Sunflowers, galaxies, and Liszt
by Rob Tiller
The sunflower field at Dix Park looked fantastic this week! I visited there several times to bask in their sweetness, and also to test out my new camera. I tried to look at them in different ways, and thought a few of the images were worth sharing.
Speaking of pictures, it was cheering to see the new shots from the Webb Space Telescope showing the early universe. It is truly mind boggling to think of the size and age of the universe (more than two trillion galaxies, each with hundreds of billions of stars, stretching back about 13.8 billion years), and to think we have the technology to look back in time almost that far. There is a lot to regret about humans, but this is one thing I really like about them – at times they are full of unselfish curiosity and wonder.
I’ll admit I’ve been feeling a bit low lately from discouraging news on multiple fronts – environmental, legal, social, economic, military, meteorological, medical, ethical, etc. It’s tempting to vent about some of these, but I’m thinking that’s unlikely to be helpful just now for me or others.
Instead I’m trying to take special note of positive events, big and small, and cultivating compassion.
Granddaughter Gus, almost 10 months old, just started crawling, and is getting really good at it. She can pull herself up on the window sill and have a look out at the back yard. She’s usually cheerful, and eager to see what each new thing she can grab tastes like.
I played Liszt’s Liebestraum No. 3 for my piano club friends last week. This is a famous piece of music, for good reason, with gorgeous melodies and dramatic modulations. There are some exciting virtuosic flourishes, which are at the edge of or just beyond my ability level, depending on the day. I made a few mistakes, but I felt it was musical. Playing the piano for me is primarily about therapy (self care), but I’m glad when I can share with others some of the beauty and joy.

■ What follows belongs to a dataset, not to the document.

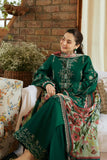 Coco by Zara Shahjahan Embroidered Lawn Unstitched 3Pc Suit D-09A ZAIRA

Liszt had a long (1811-1886) and interesting life. I’ve been reading Alan Walker’s very fine biography of him, and am now in the second of the three volumes. He was a towering musical figure in his time, but recent generations have tended to underappreciate his achievements. I’ve been struck not only with his brilliance, but also his remarkable generosity.
I got two of the volumes used, sold by college libraries, where it appeared they’d been checked out either once or never. It pained me a little that they couldn’t find readers, but at least they found me!
Liszt and his great contemporaries, including Chopin, Schumann, and Brahms, continue to inspire me. In addition to absorbing their musical messages, I’m making more use of their discoveries in my jazz playing. Some of their harmonic ideas have already been thoroughly incorporated into the jazz standards that I’ve made my own, but there are always new possibilities.